Super-size hedge funds spark concern

 

LONDON – The hedge fund industry’s
strong rebound from the credit crisis has prompted investors to ask whether
some funds have grown too large and inflexible to keep delivering bumper
returns for which the sector is famous.

The growth of big funds — helped
by strong returns during the credit crisis and some clients’ belief that risks
are lower than in start-ups — helped push industry assets to $1.92 trillion at
end-December, close to the all-time high in 2008, according to Hedge Fund
Research.

However, with the growth of big
funds has come the old question of whether they could be stuck if another
crisis hits, whether liquidity forces them into less profitable markets and
whether their prized trade ideas will be discovered by rivals.

“By definition a supertanker
can’t be as nimble as a speedboat,” said Ken Kinsey-Quick, fund of hedge
fund manager at Thames River, part of F&C, who prefers to invest in funds
below $1 billion in size.

“They won’t be able to respond
to market conditions, especially as markets become illiquid.
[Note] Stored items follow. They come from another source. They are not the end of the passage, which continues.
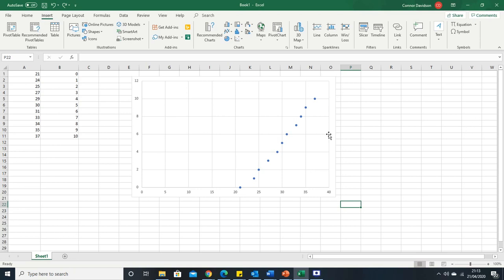Here we've got a plot and Excel automatically takes this to be your x values and this to be your y values. Let's say we've drawn this table and we don't want to move these around but we do want to swap the x and y values.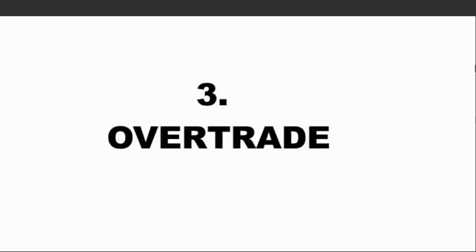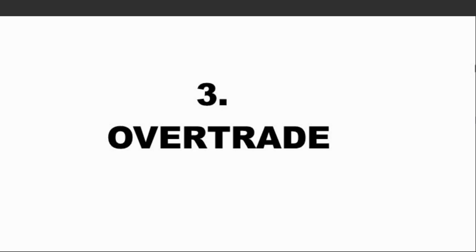Thing number three is over trading. Over trading is the biggest killer in forex trading. Imagine someone who is trading an account with equity of one hundred dollars and you want to open ten positions with one lot, one standard lot size. So what are you expecting, guys?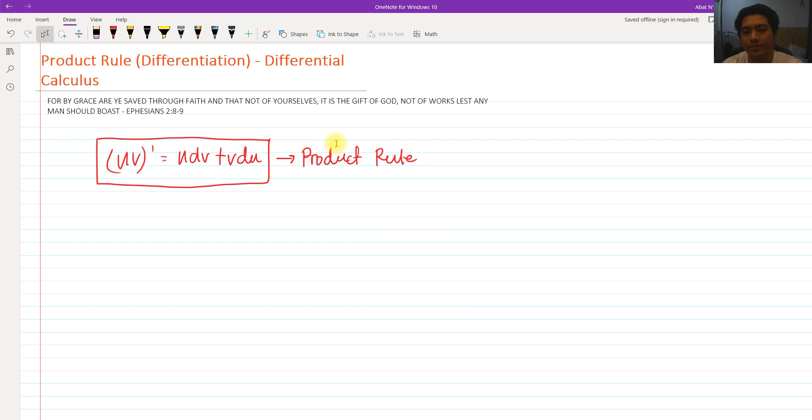Today we are going to talk about the product rule in differentiation. This is a part of differential calculus. The product rule is used when we have two or more functions that are multiplied, hence called the product rule.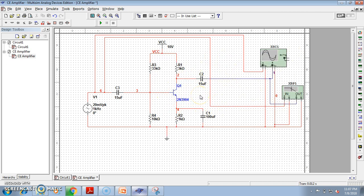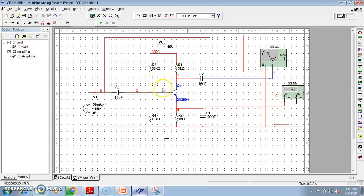So basically, this common emitter configuration acts like a 180 degree phase shifter with amplification. This is a very important concept for analog electronics and electronics and communication engineering students: for a common emitter amplifier, the output voltage always has a 180 degree phase difference compared to the input. This simulation was shown using Multisim software. In the next video, I will show more concepts — please subscribe to the channel and press the bell icon. Thank you for watching.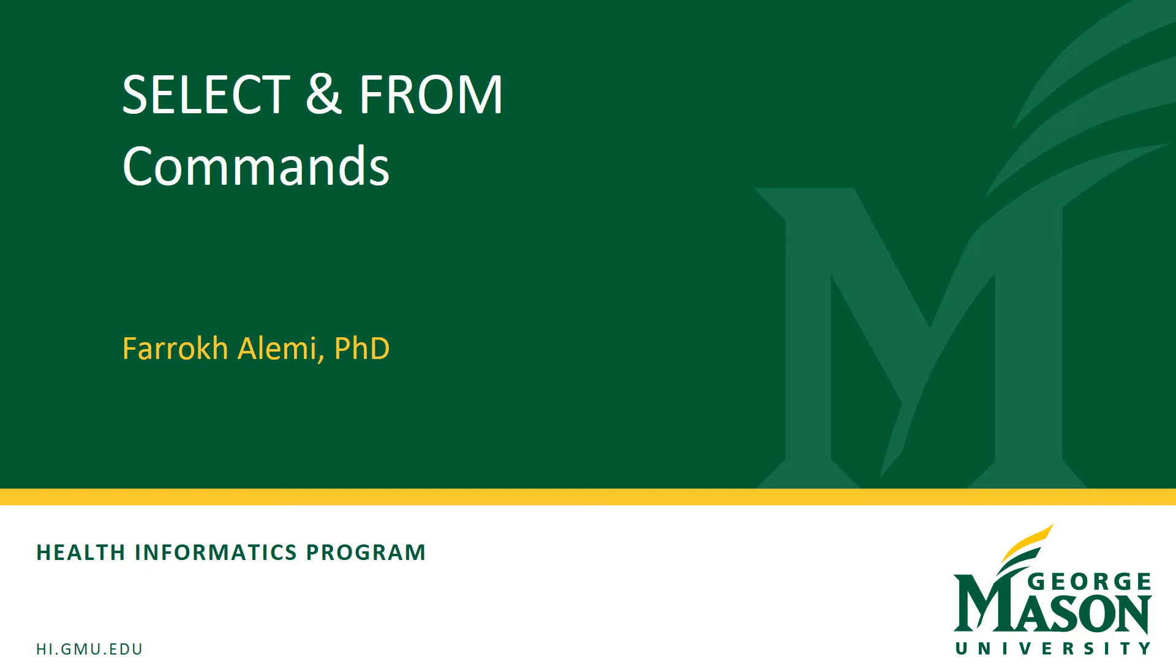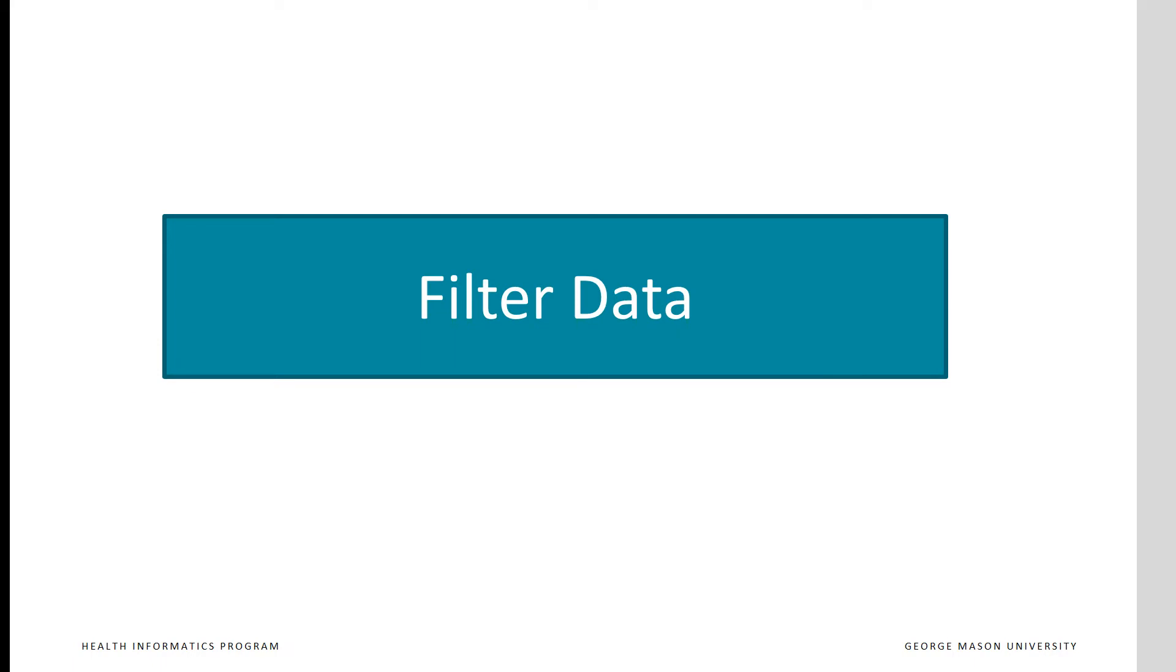This set of slides were organized by Professor Alemi and describe how to filter columns in SQL by using the SELECT command. The SELECT command is the most common command in SQL. It is almost always used in data manipulation codes. Its purpose is to filter data.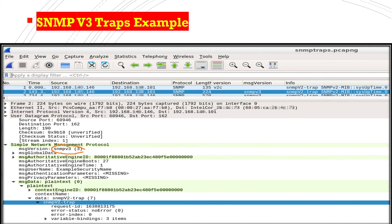This security is important because trap packets flow openly on the network. If a hacker gets hold of these packets in readable format, crucial information about the telecom operator's or organization's devices could be exposed. For this reason, an extra layer of security was added in v3 — only a receiver with the correct authentication and privacy password details can decode the traps and see the information inside.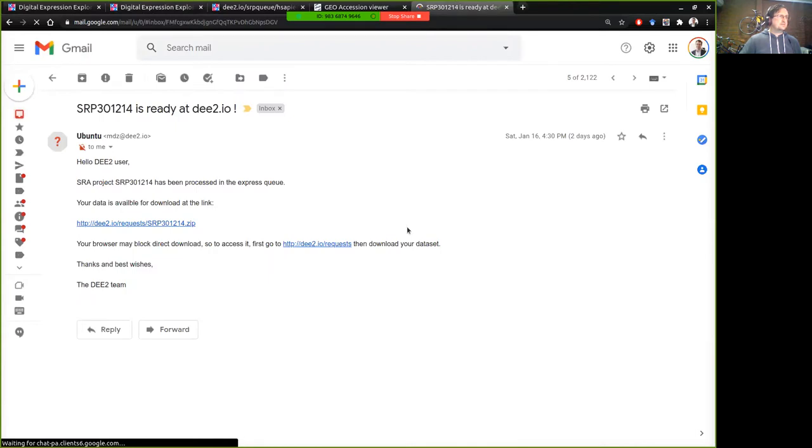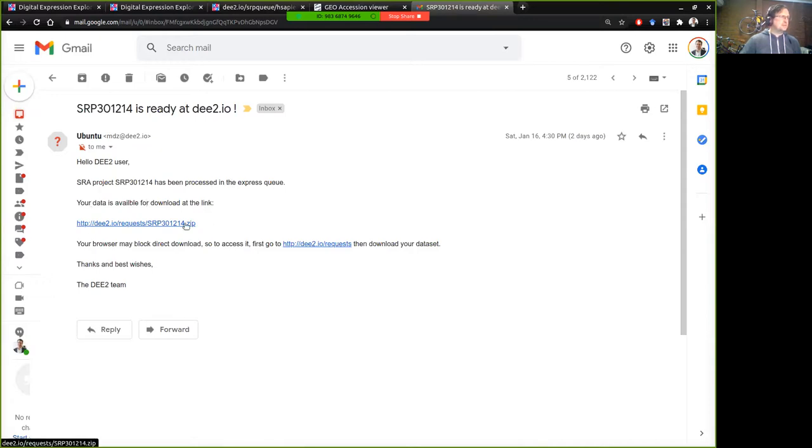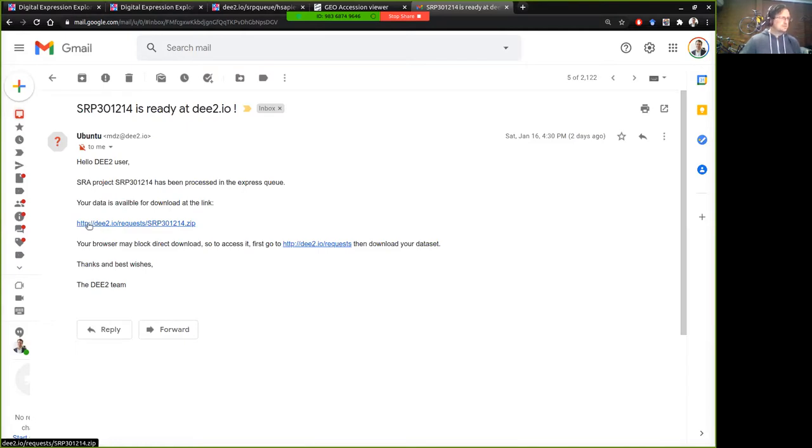So what you'll get is an email notification from Ubuntu at this email address and it will say that a certain SRA project has been processed and the data is available at the link. So there's a direct link to this zip file and that may or may not work because we're dealing with the servers that I have access to on the Nectar cloud that can't be encrypted so I can't have HTTPS so that might get blocked.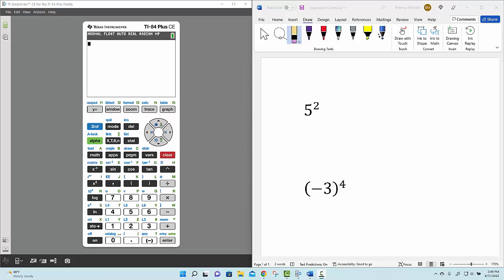Now, the exponent key is located on the right side of your calculator, right above the division symbol. It's called the caret key.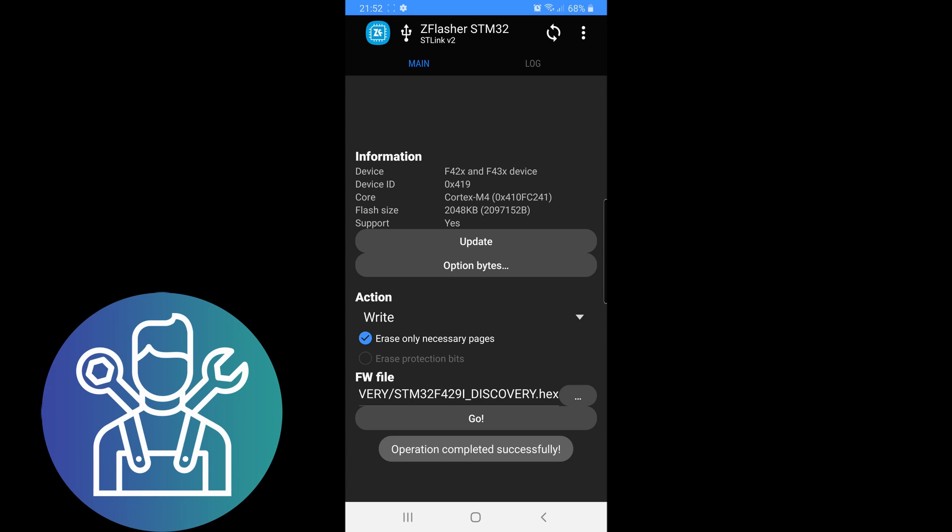That's it, the operation was completed successfully. I can now disconnect and it should work fine. Thank you for watching, please like and subscribe.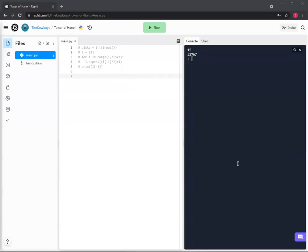Hello, everybody. We're back doing another video and it's about the Tower of Hanoi problem, but this time in recursion.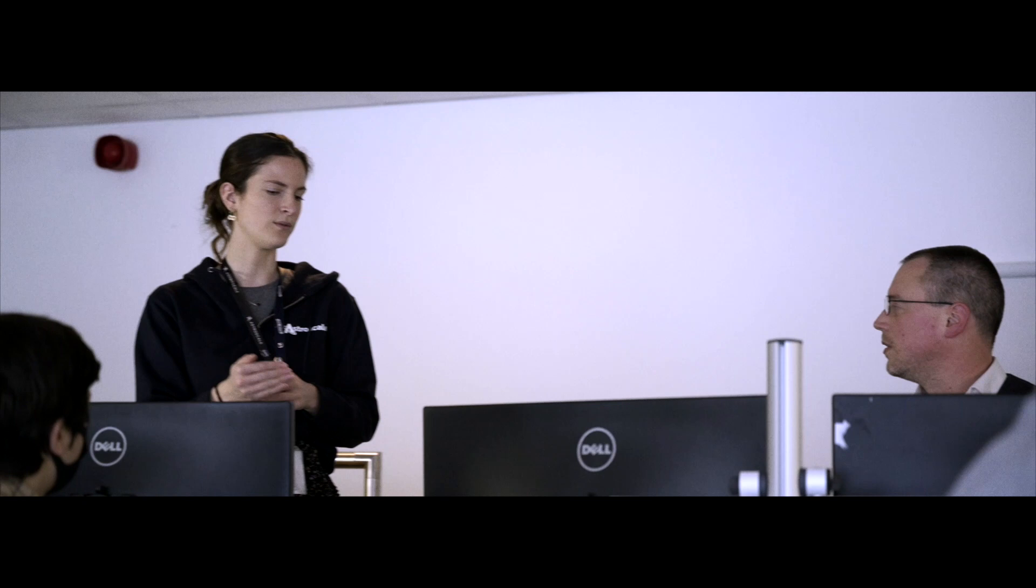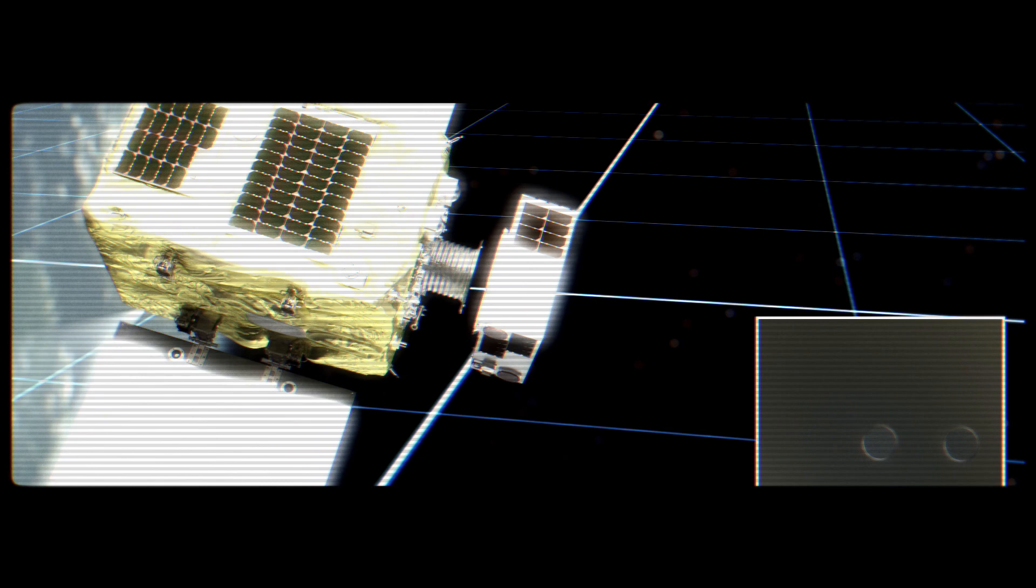I am responsible for the ground stations. These are the antennas that we're using to communicate with our satellite once it's in orbit. The ground system is what is telling us the health status of the spacecraft.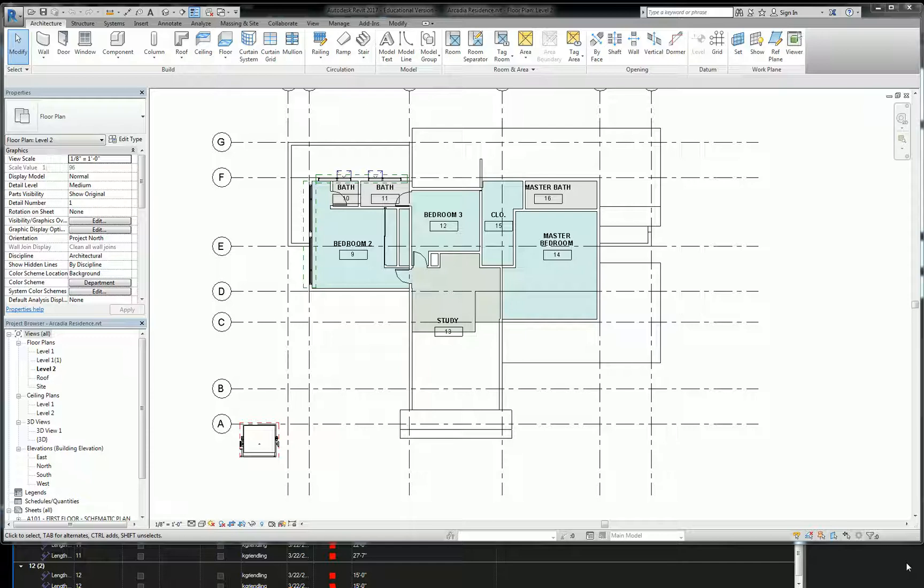Today we're stepping out of floor plan a little bit and we're going to start moving into setting up our schematic design set.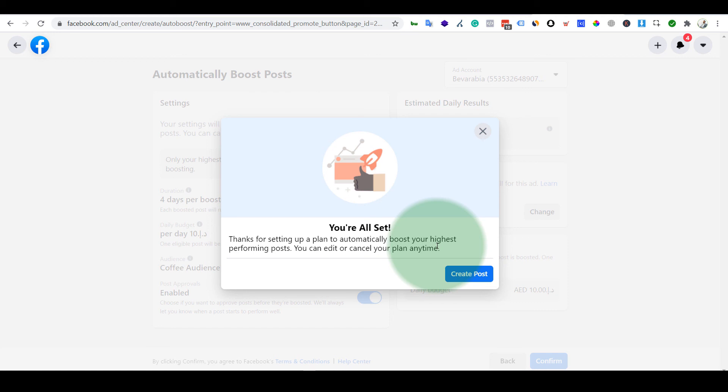If your post is not organically receiving any engagement, I don't think they will be boosting it. So you are all set, good to go.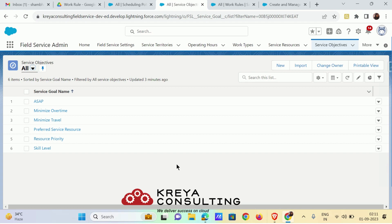The fifth is resource priority. There is a priority field on the service resource by which you define the priority of that resource, and this service objective makes sure scheduling respects that priority. The sixth and last one is skill level, which makes sure that the person with the highest skill level required gets appointed to that particular service appointment.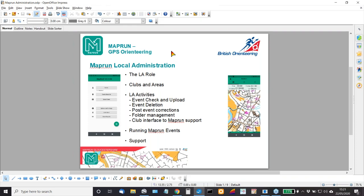Hello everybody. This is Pat McLeod again. This is a follow-up session from last week's MAPROM webinar. This one is focusing purely on the local administration roles related to MAPROM.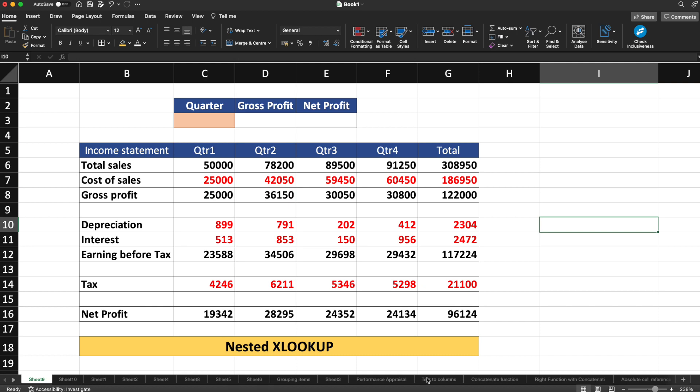Hello guys, my name is Manoj Sharma. Welcome to Technosage. So in this video, let's talk about the nested XLOOKUP in Excel.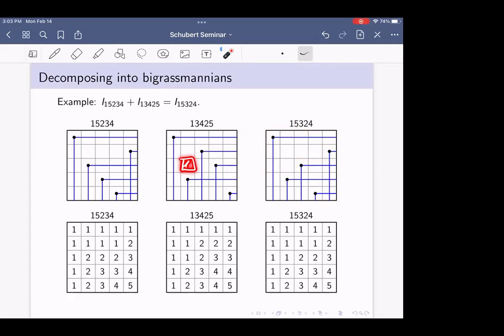Algebraically, biGrassmannian means we have one essential box and we're just taking minors northwest of that one spot — one size, one location of interest. We take size-two minors northwest of this location and size-two minors northwest of this other location. We sum two Schubert ideals and get another one. We can break apart any Schubert determinantal ideal into a sum of biGrassmannian Schubert ideals by taking each essential cell and forming the ideal given by that one rank condition.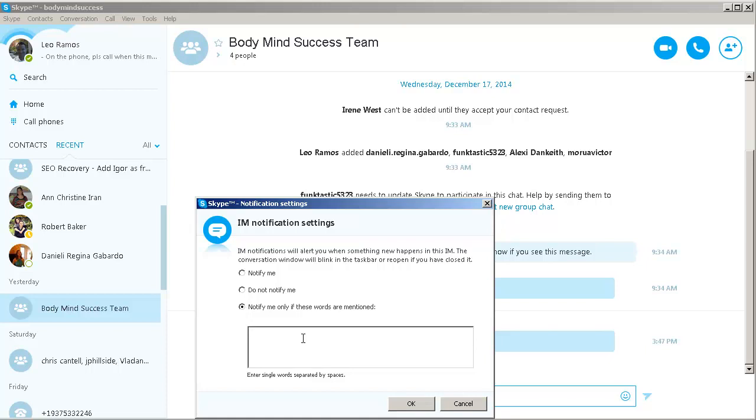I do like to be notified if somebody's specifically talking to me, so I'll put in there Leo and Body Mind Success. If either one of those happens to come in, then I want to make sure that I get notified.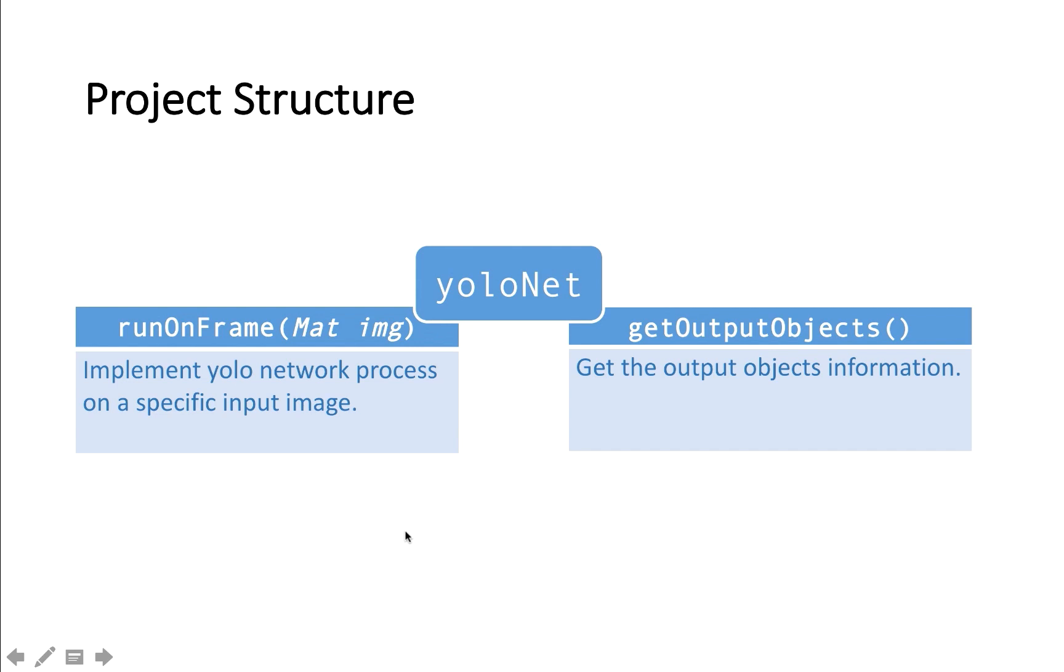And in this project, I will build a class. It's called YOLO network with two public functions, run on frame and get output object.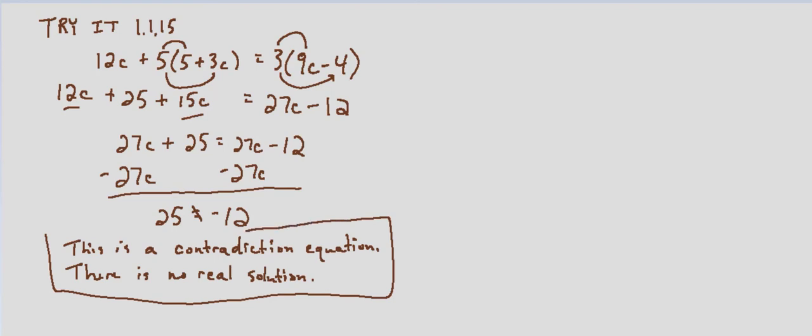Now typically if we solve for a variable we would substitute it back in and check, but there's really no way to easily check that there's no real solution other than if you want to possibly graph each side and see that they don't intersect, or you could substitute random numbers but that really doesn't tell us anything because there are infinitely many numbers.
They can’t get
access to smaller opportunities, for example a new hot IPO coming out of an
investment bank — if everyone wants it then you’ll only get a few million dollars
(worth).”

Funds betting on bonds and
currencies, and CTAS — which play futures markets — in particular have grown
strongly.

Brevan Howard’s Master fund, which
is shut to new clients, has grown to $25 billion after gaining around 20 per cent
in 2008 and 2009, while Man Group’s computer-driven AHL fund is now $23.6
billion, helped by a 33 per cent return in 2008.

Meanwhile, Bluecrest’s Bluetrend
fund, which has temporarily shut to new investors in the past, has nearly
tripled in size since the end of 2007 to $8.9 billion after a 43 per cent gain
in 2008.

And Louis Bacon’s global macro firm
Moore Capital has grown to $15 billion after a good credit crisis.